_DATA FOR ANALYSIS_
********
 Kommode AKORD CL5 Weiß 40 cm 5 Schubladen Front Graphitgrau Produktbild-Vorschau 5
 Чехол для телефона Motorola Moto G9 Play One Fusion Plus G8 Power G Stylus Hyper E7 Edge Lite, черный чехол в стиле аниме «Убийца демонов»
********
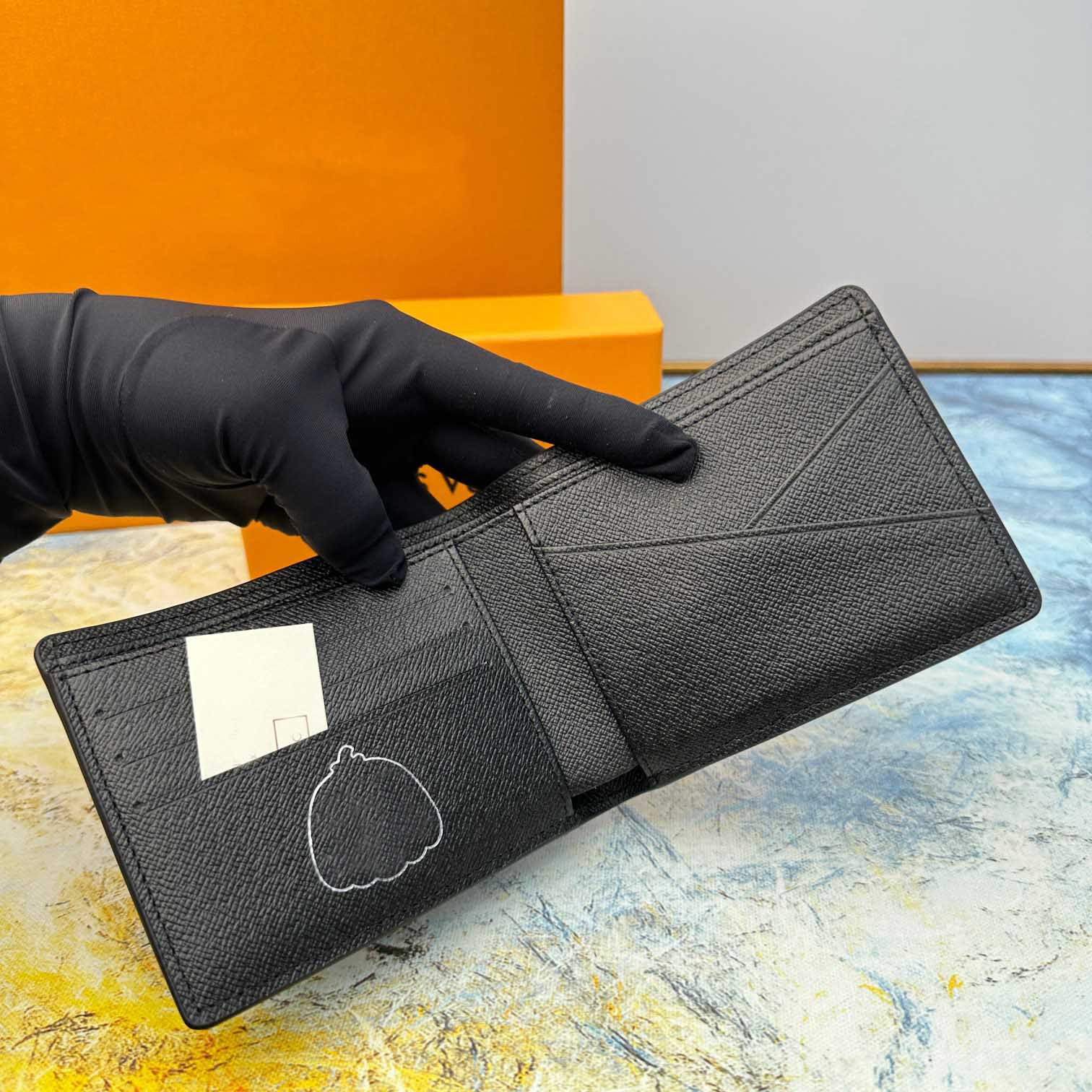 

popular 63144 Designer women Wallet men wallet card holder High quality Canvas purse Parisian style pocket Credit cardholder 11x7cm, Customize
********
_WORK ORDER_
Out of the entries above, write out only the lines between the line holding "Kommode AKORD CL5" and the line holding "Чехол для телефона", inclusive, each exactly as given.

_EXERCISE RESPONSE_
 Kommode AKORD CL5 Weiß 40 cm 5 Schubladen Front Graphitgrau Produktbild-Vorschau 5
 Чехол для телефона Motorola Moto G9 Play One Fusion Plus G8 Power G Stylus Hyper E7 Edge Lite, черный чехол в стиле аниме «Убийца демонов»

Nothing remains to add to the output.